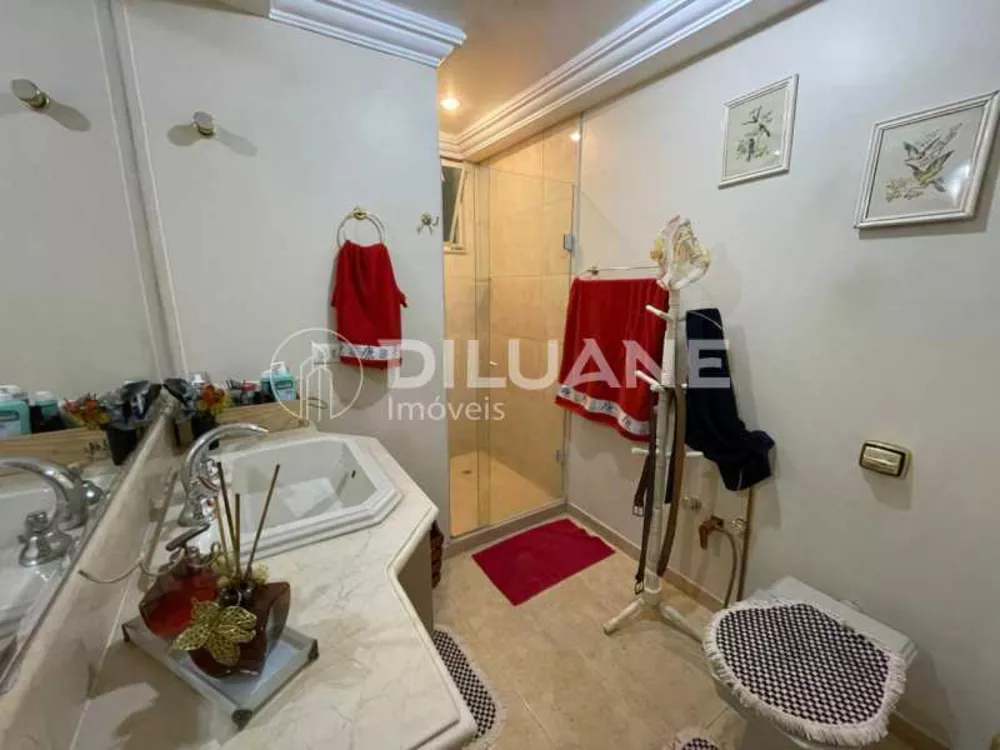Apartamento, 3 quartos, 112 m² - Foto 26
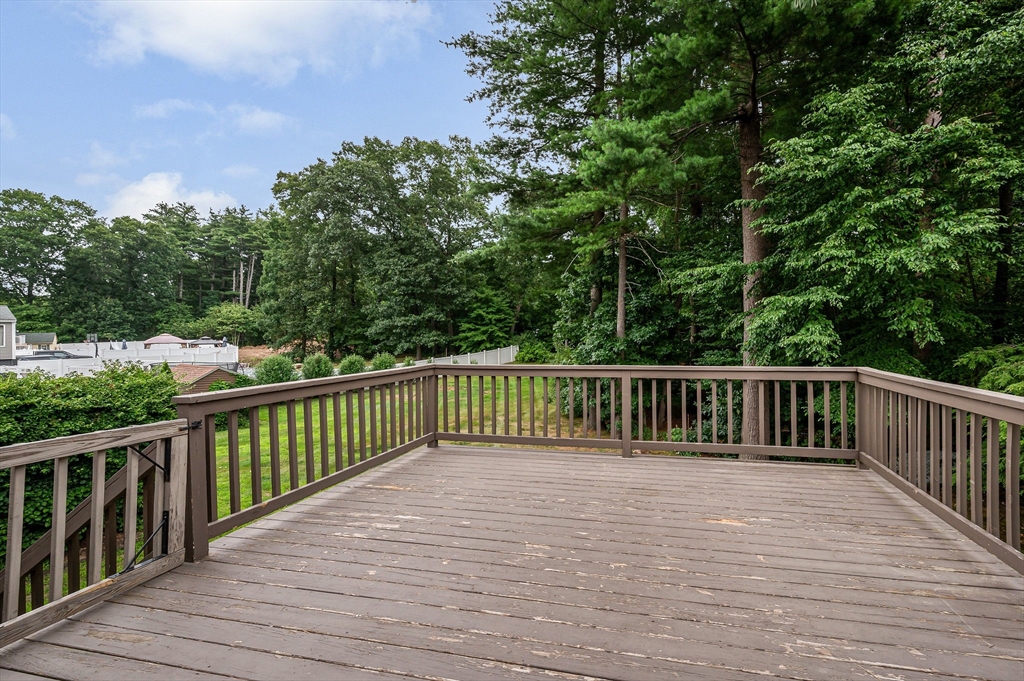 75 I Street, Dracut, MA, 75 I Street, Dracut, MA Photo #20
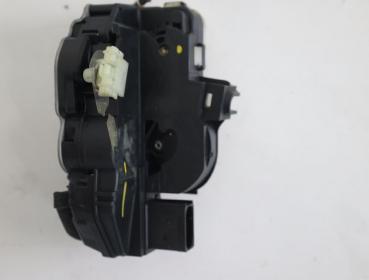 Preview: Türschloß hinten links 13578244 Opel INSIGNIA A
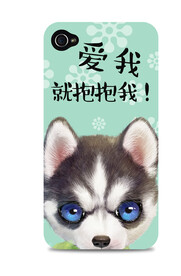 萌宠系列           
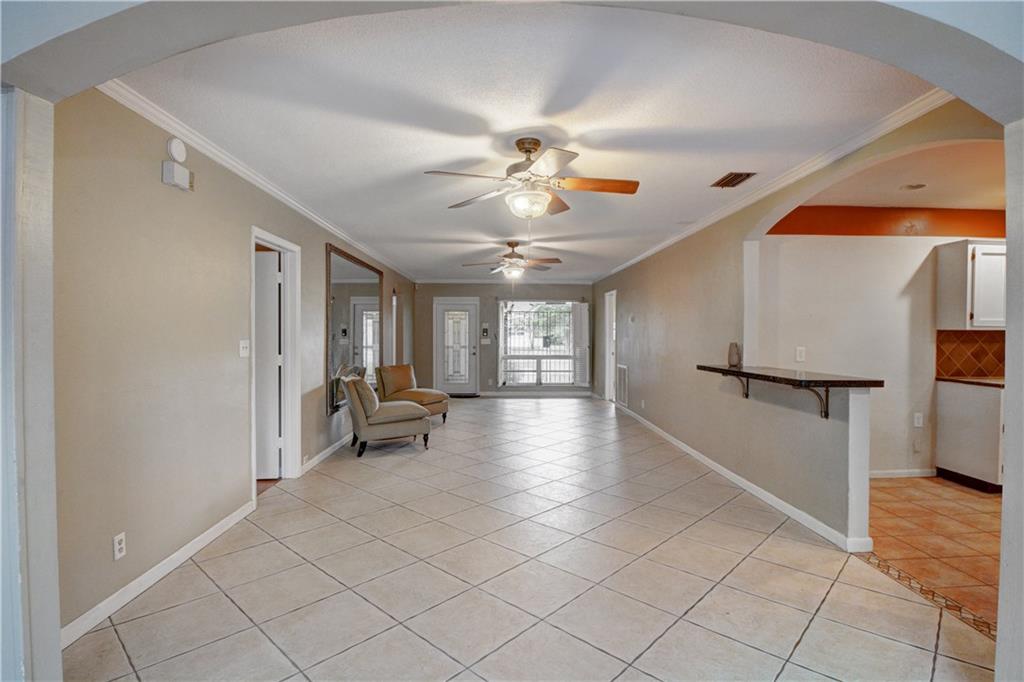 Cypress Creek Estates Sec - Residential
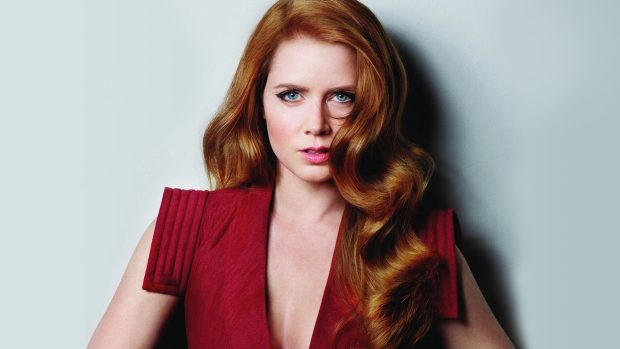 Amy Adams Background Free Download.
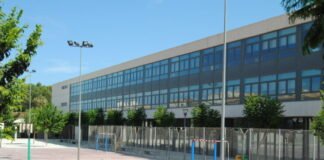 Innovación y Educación elaboran un estudio de las capacidades digitales de estudiantes de ESO y Bachillerato en la Comunidad Valenciana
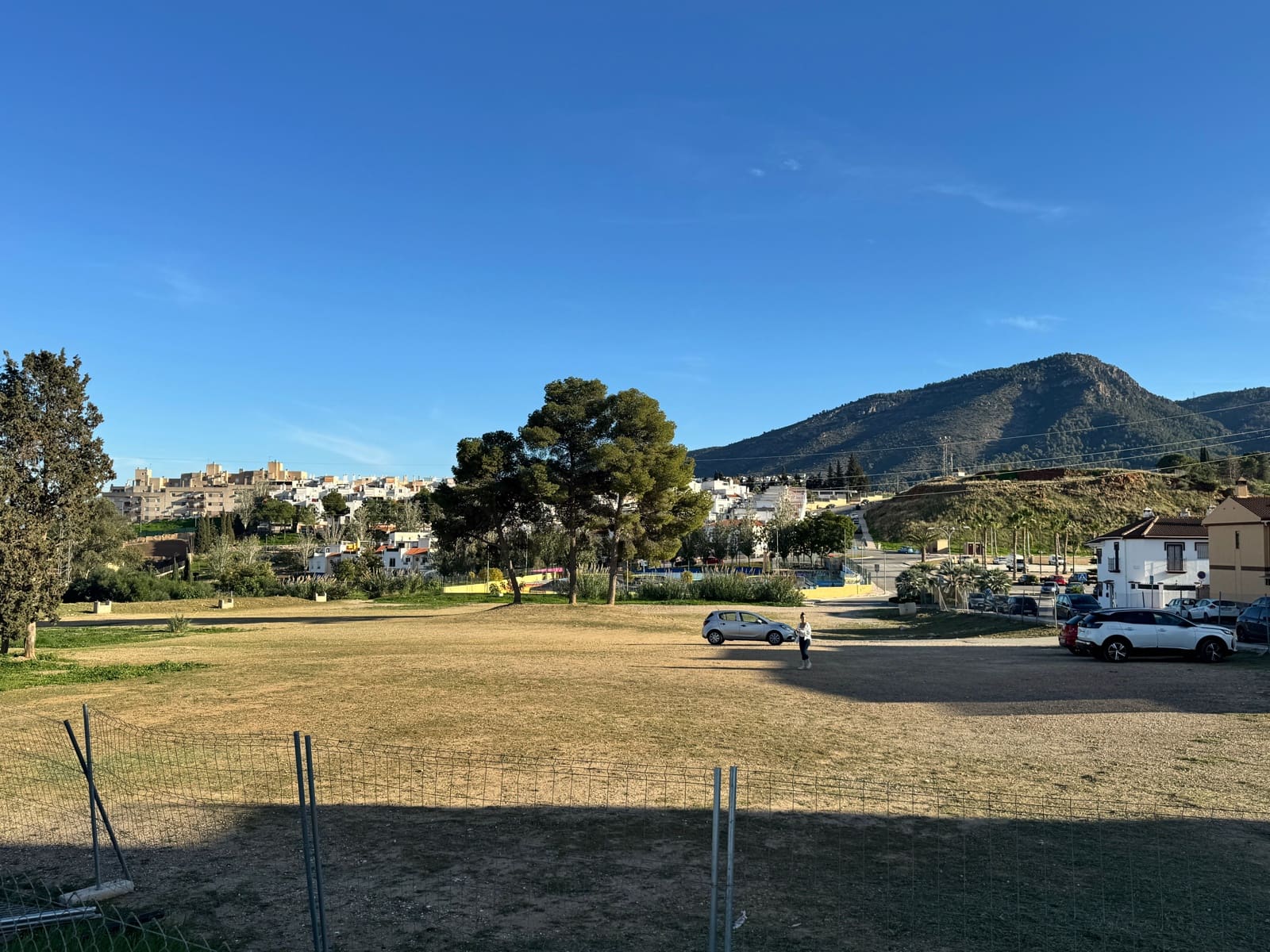 Huis te koop in Alhaurin de la Torre - € 4.750.000 (Ref: 8697453)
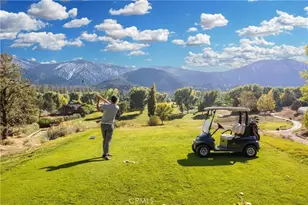 2332 Alpen Ct, Pine Mountain Club, CA 93222 - Photo 55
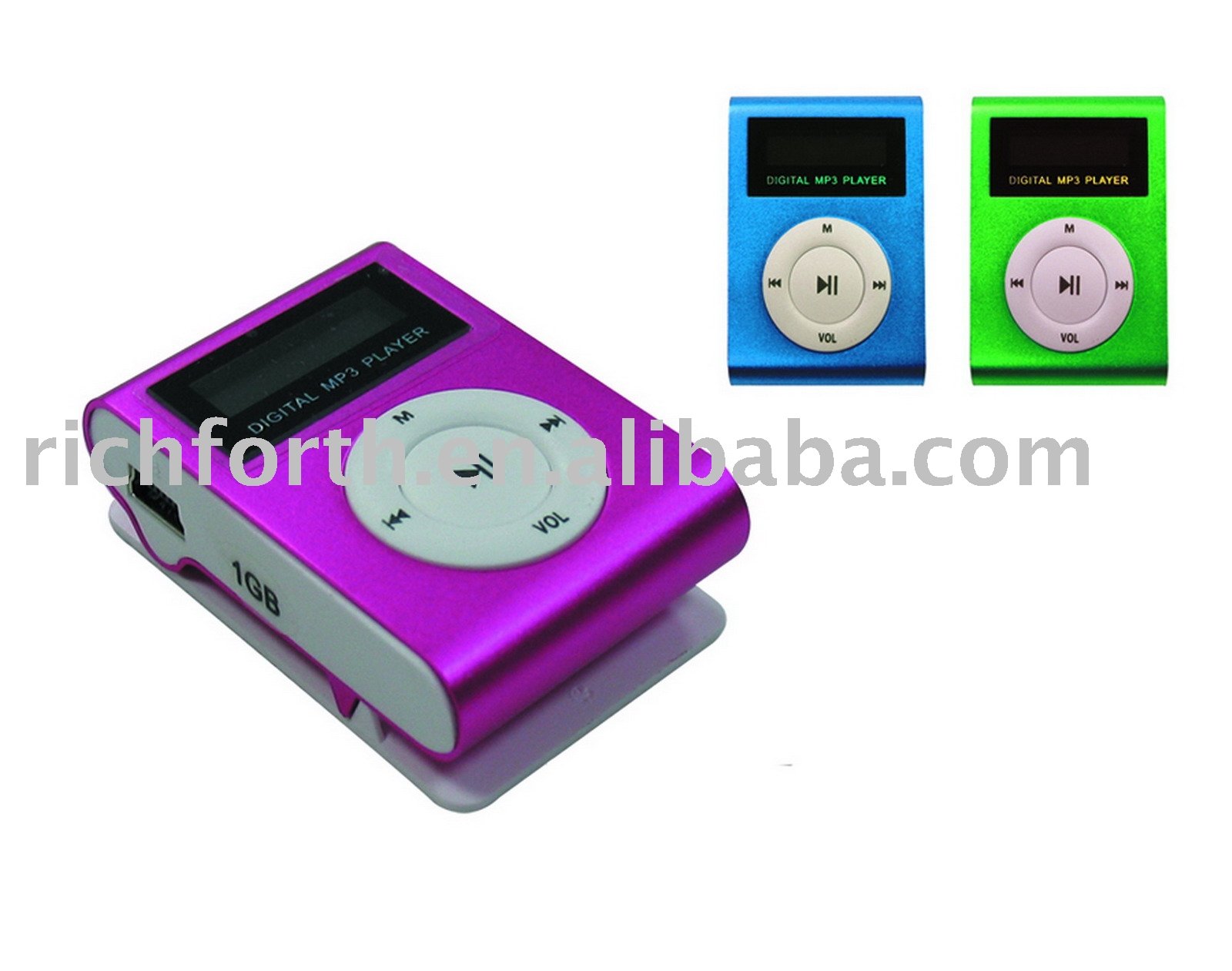 Video  Player on Digital Mp3 Player Products  Buy Digital Mp3 Player Products From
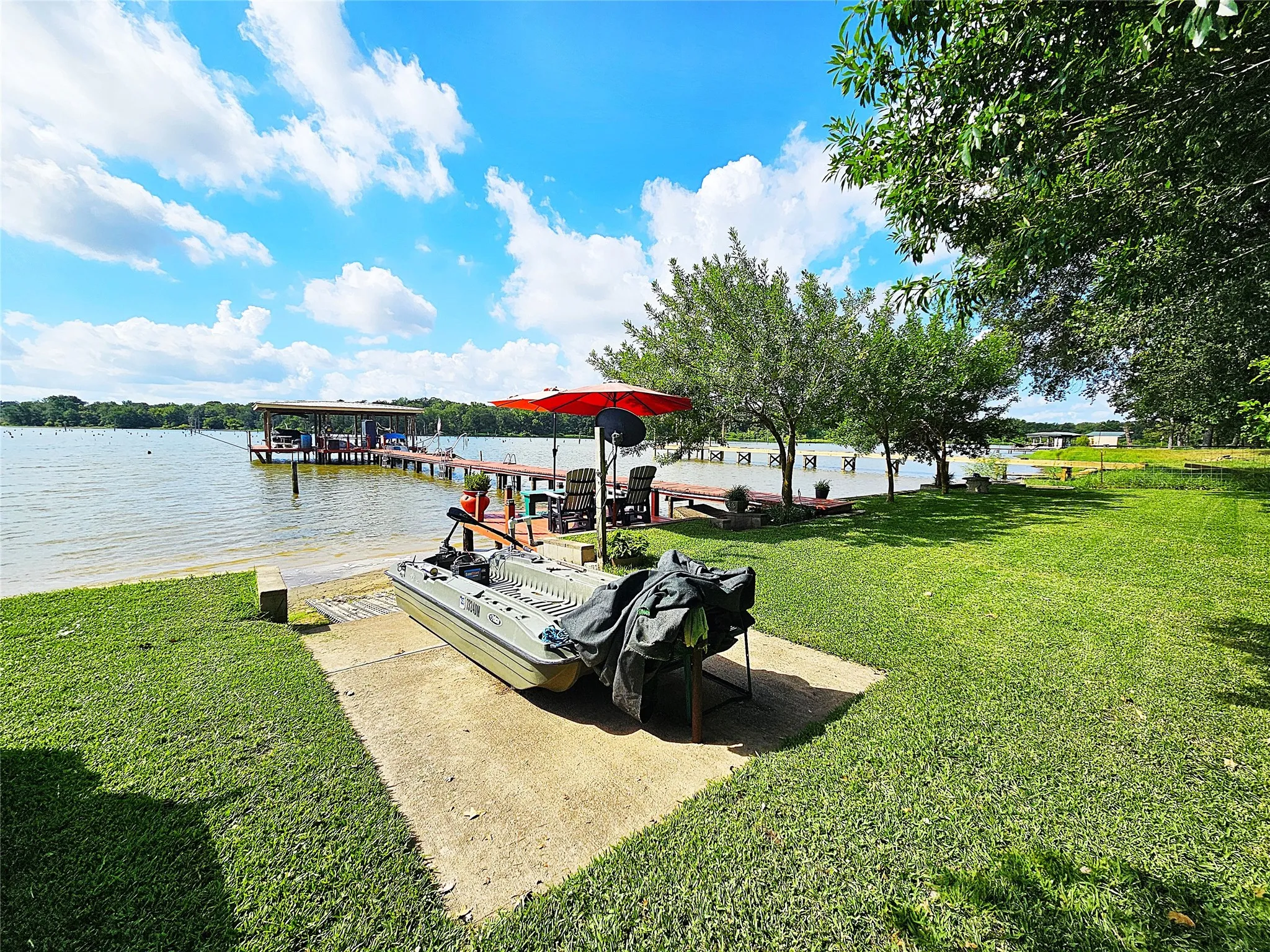 Single Family Residence For Sale in Limestone County , 133 Lcr 777, Groesbeck, Texas 76642, 3 Bedroom, 3 Bathroom, Garage spaces, 2,507 Sqft, built in 2014, mls#21034470, Real Estate Agent in Groesbeck, Homes For Sale in Limestone county, Homes For Sale in Groesbeck, Realtor in Groesbeck Texas, Real Estate Brokerage Independent Realty Texas, Luminita Cordes Realtor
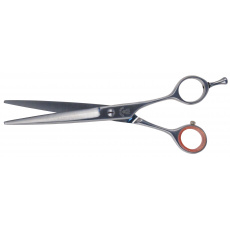 MATSUZAKI 11 MO prime 6,5" -2* růžový kroužek OUTLET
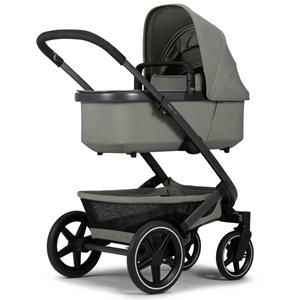 Joolz Geo3 compleet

◆ **WHAT TO WORK ON**:
Exclude the pictures, then retype every record exactly.

◆ **EXERCISE ANSWER**:
Apartamento, 3 quartos, 112 m² - Foto 26
 75 I Street, Dracut, MA, 75 I Street, Dracut, MA Photo #20
 Preview: Türschloß hinten links 13578244 Opel INSIGNIA A
 萌宠系列           
 Cypress Creek Estates Sec - Residential
 Amy Adams Background Free Download.
 Innovación y Educación elaboran un estudio de las capacidades digitales de estudiantes de ESO y Bachillerato en la Comunidad Valenciana
 Huis te koop in Alhaurin de la Torre - € 4.750.000 (Ref: 8697453)
 2332 Alpen Ct, Pine Mountain Club, CA 93222 - Photo 55
 Video  Player on Digital Mp3 Player Products  Buy Digital Mp3 Player Products From
 Single Family Residence For Sale in Limestone County , 133 Lcr 777, Groesbeck, Texas 76642, 3 Bedroom, 3 Bathroom, Garage spaces, 2,507 Sqft, built in 2014, mls#21034470, Real Estate Agent in Groesbeck, Homes For Sale in Limestone county, Homes For Sale in Groesbeck, Realtor in Groesbeck Texas, Real Estate Brokerage Independent Realty Texas, Luminita Cordes Realtor
 MATSUZAKI 11 MO prime 6,5" -2* růžový kroužek OUTLET
 Joolz Geo3 compleet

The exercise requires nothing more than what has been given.